▶ **TRY IT**:
Write out, with no changes, every line starting at the one that contains "Exterior - Holiday" and ending at the last line of the data below. Leave pictures out.

(Captioned web images)
========================================

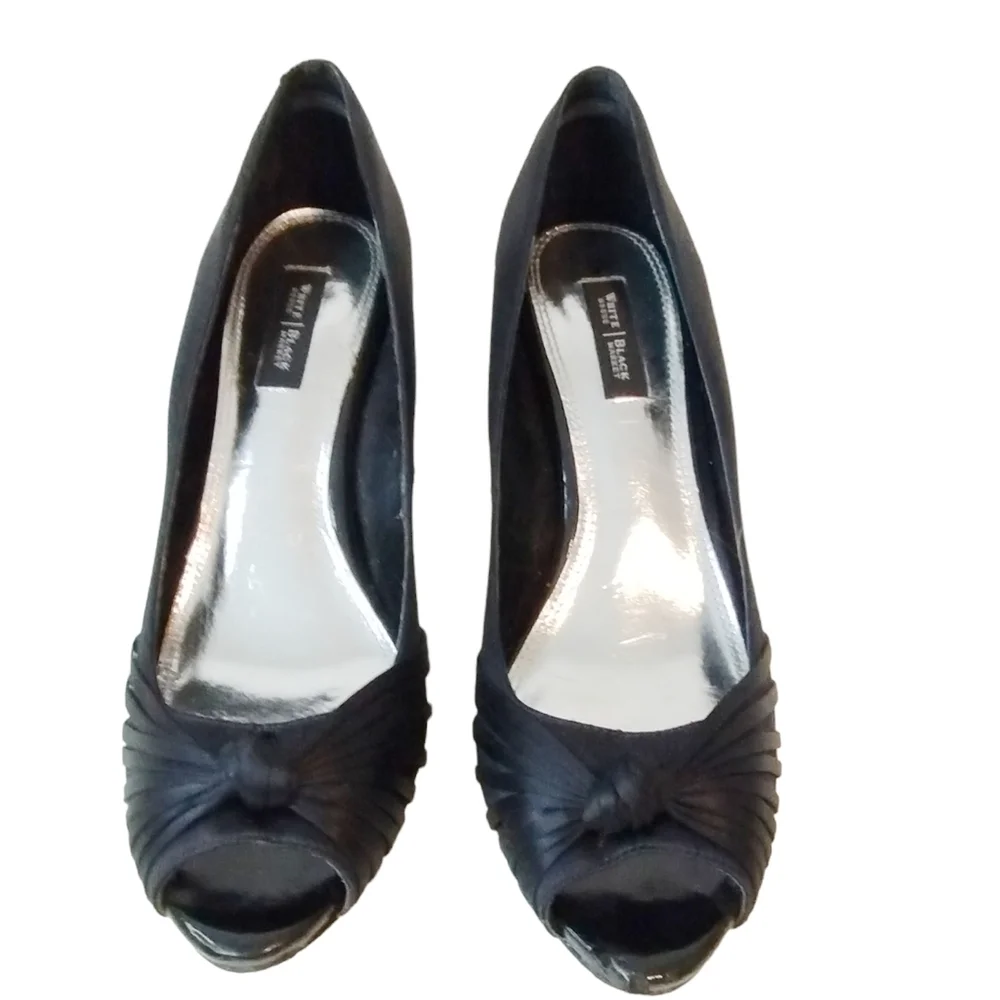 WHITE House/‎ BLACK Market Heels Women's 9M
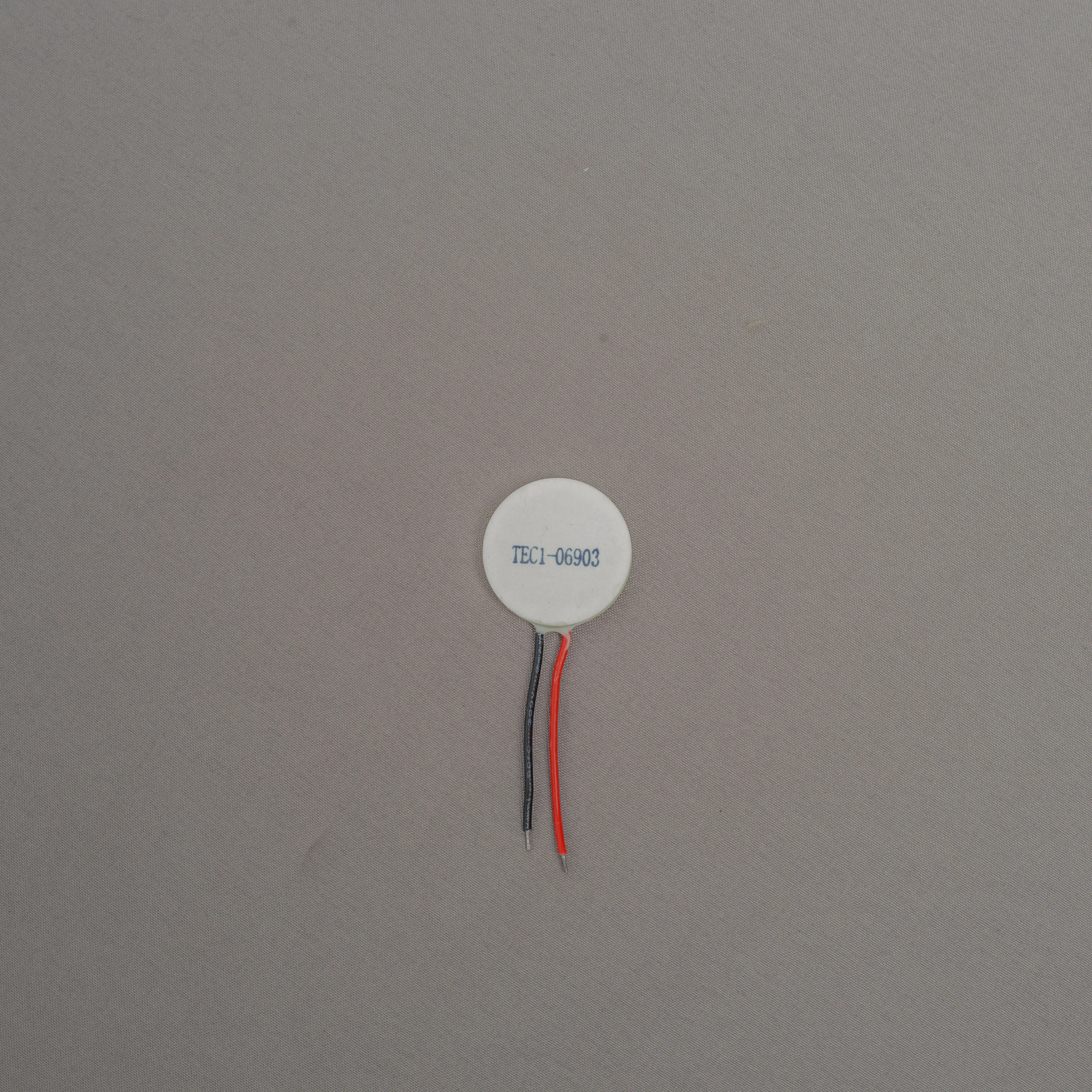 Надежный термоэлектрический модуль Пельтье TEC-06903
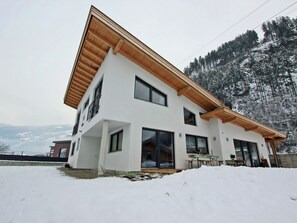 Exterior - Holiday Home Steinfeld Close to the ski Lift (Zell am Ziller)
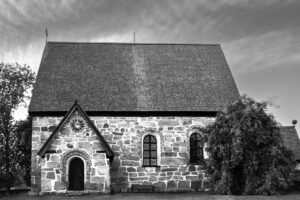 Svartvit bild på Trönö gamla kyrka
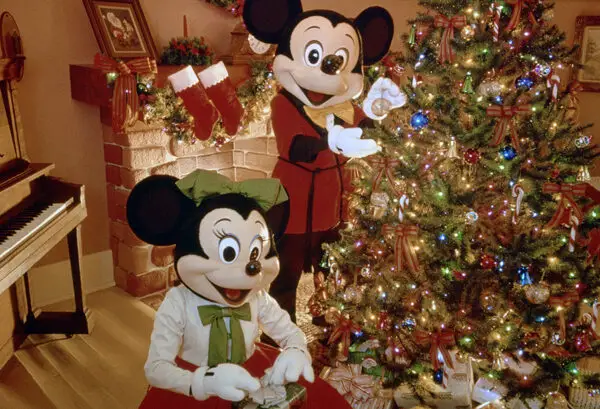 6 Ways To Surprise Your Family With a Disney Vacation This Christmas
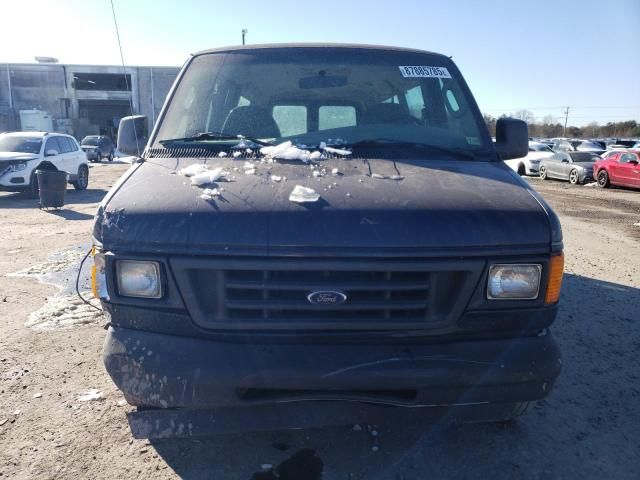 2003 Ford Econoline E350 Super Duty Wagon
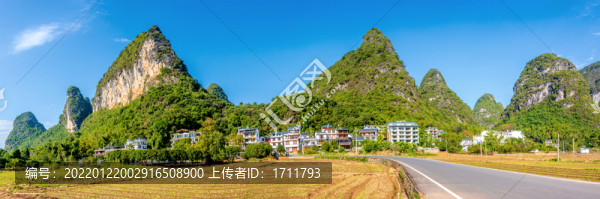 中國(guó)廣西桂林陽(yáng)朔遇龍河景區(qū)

========================================

▶ **ANSWER TO THE EXERCISE**:
 Exterior - Holiday Home Steinfeld Close to the ski Lift (Zell am Ziller)
 Svartvit bild på Trönö gamla kyrka
 6 Ways To Surprise Your Family With a Disney Vacation This Christmas
 2003 Ford Econoline E350 Super Duty Wagon
 中國(guó)廣西桂林陽(yáng)朔遇龍河景區(qū)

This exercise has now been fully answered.